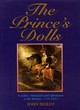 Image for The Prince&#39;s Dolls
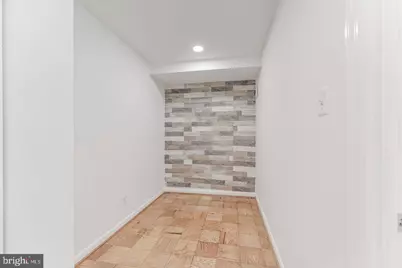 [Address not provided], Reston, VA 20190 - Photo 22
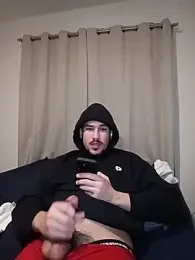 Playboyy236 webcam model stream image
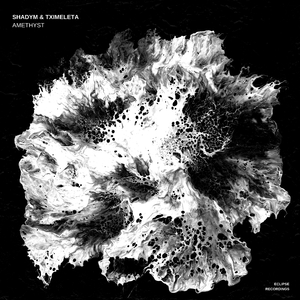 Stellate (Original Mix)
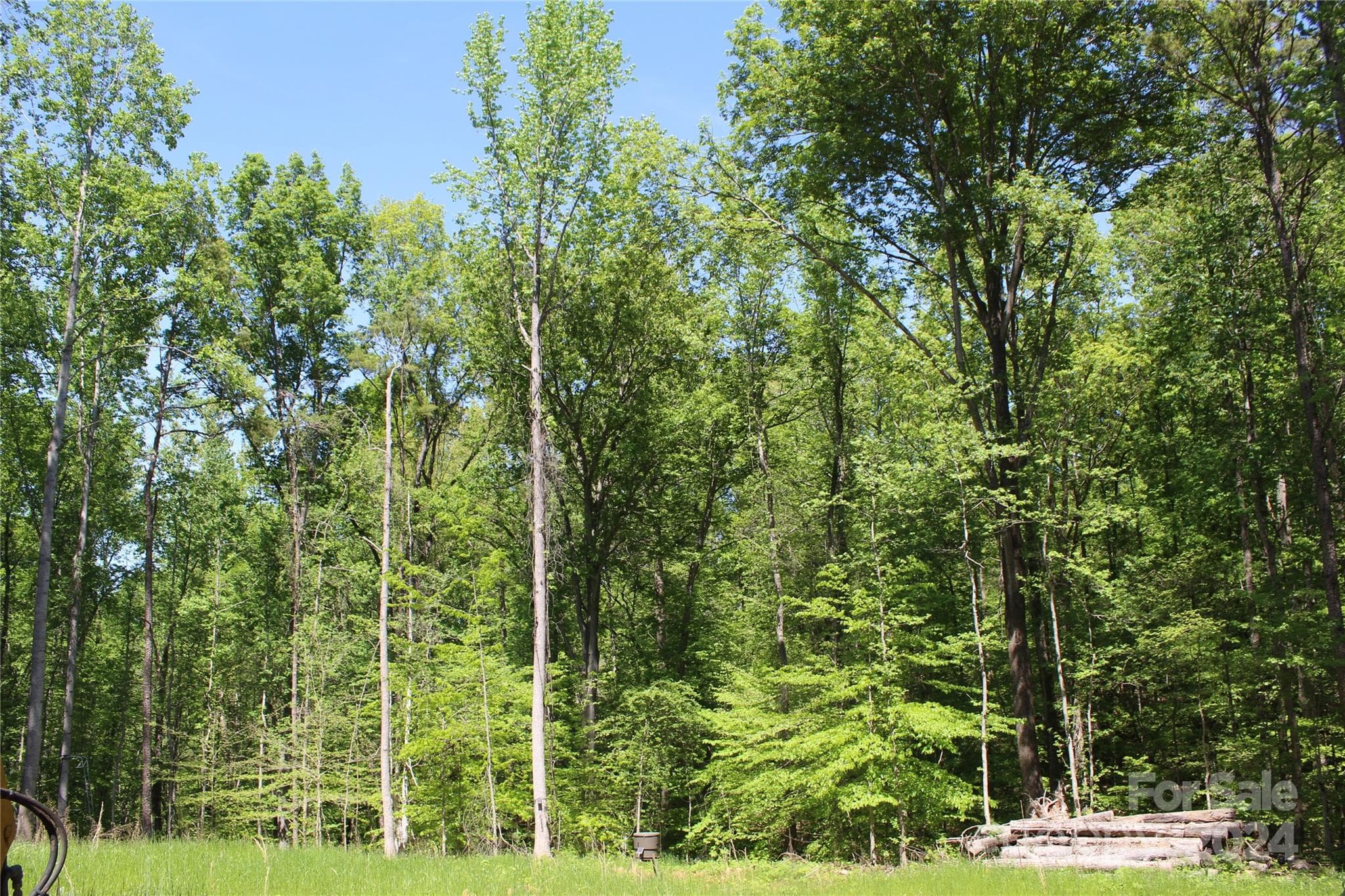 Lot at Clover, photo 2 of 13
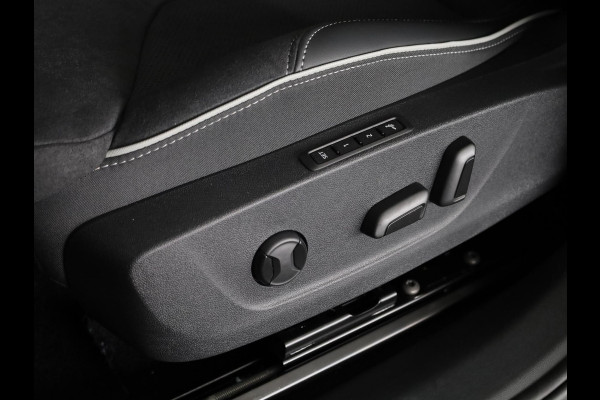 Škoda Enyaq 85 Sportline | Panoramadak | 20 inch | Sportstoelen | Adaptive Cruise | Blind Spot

---

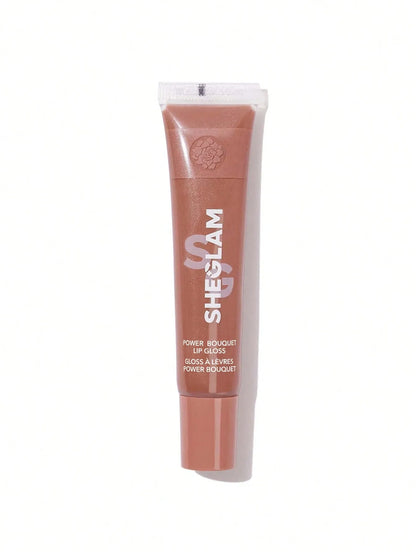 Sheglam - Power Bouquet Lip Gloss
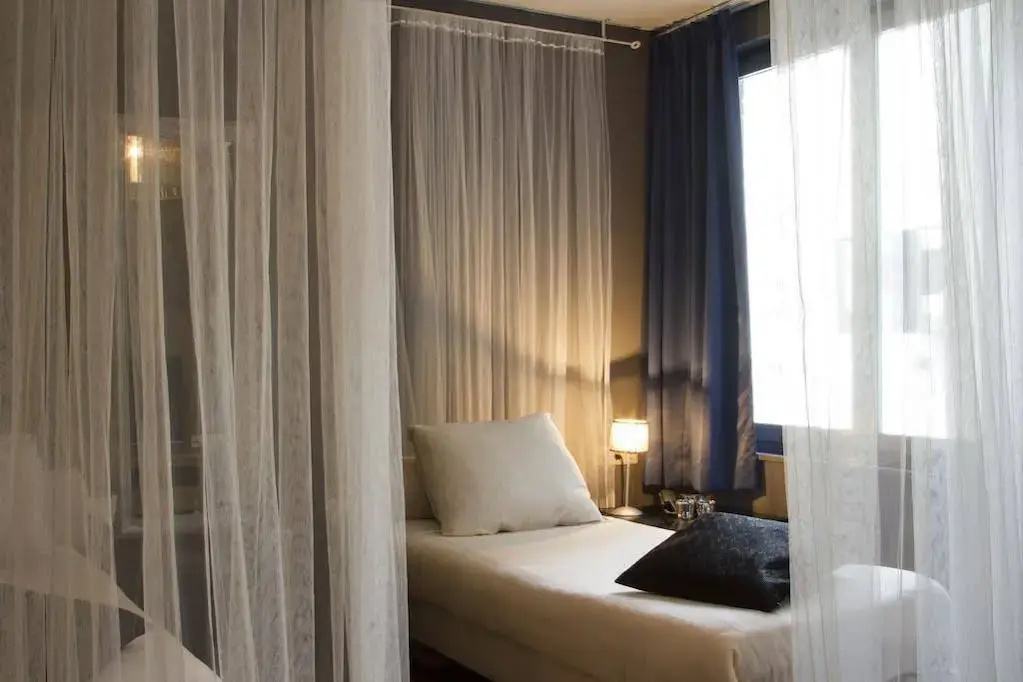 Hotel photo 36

...

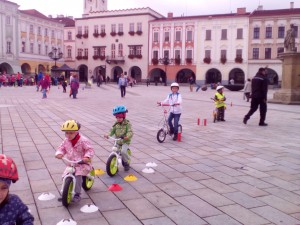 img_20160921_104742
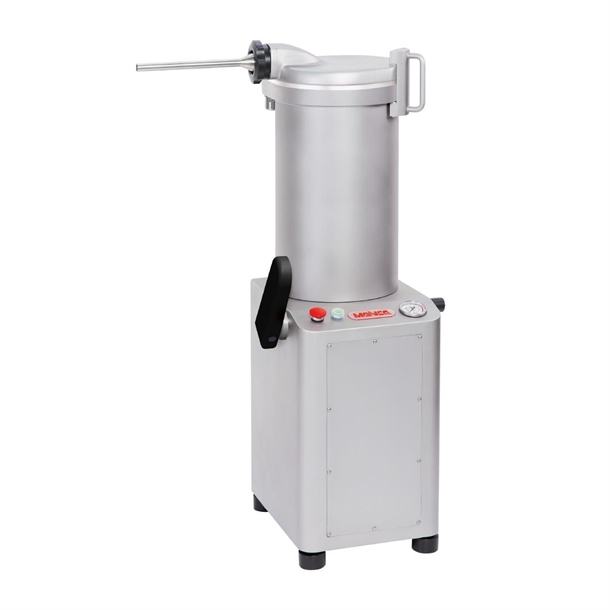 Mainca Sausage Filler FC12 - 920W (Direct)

= YOUR INSTRUCTIONS =
Above are the records. Copy only the lines from the one with "Image for The Prince&#39;s Dolls" through the one with "Škoda Enyaq 85", exactly, with no pictures.

= OUTPUT =
 Image for The Prince&#39;s Dolls
 [Address not provided], Reston, VA 20190 - Photo 22
 Playboyy236 webcam model stream image
 Stellate (Original Mix)
 Lot at Clover, photo 2 of 13
 Škoda Enyaq 85 Sportline | Panoramadak | 20 inch | Sportstoelen | Adaptive Cruise | Blind Spot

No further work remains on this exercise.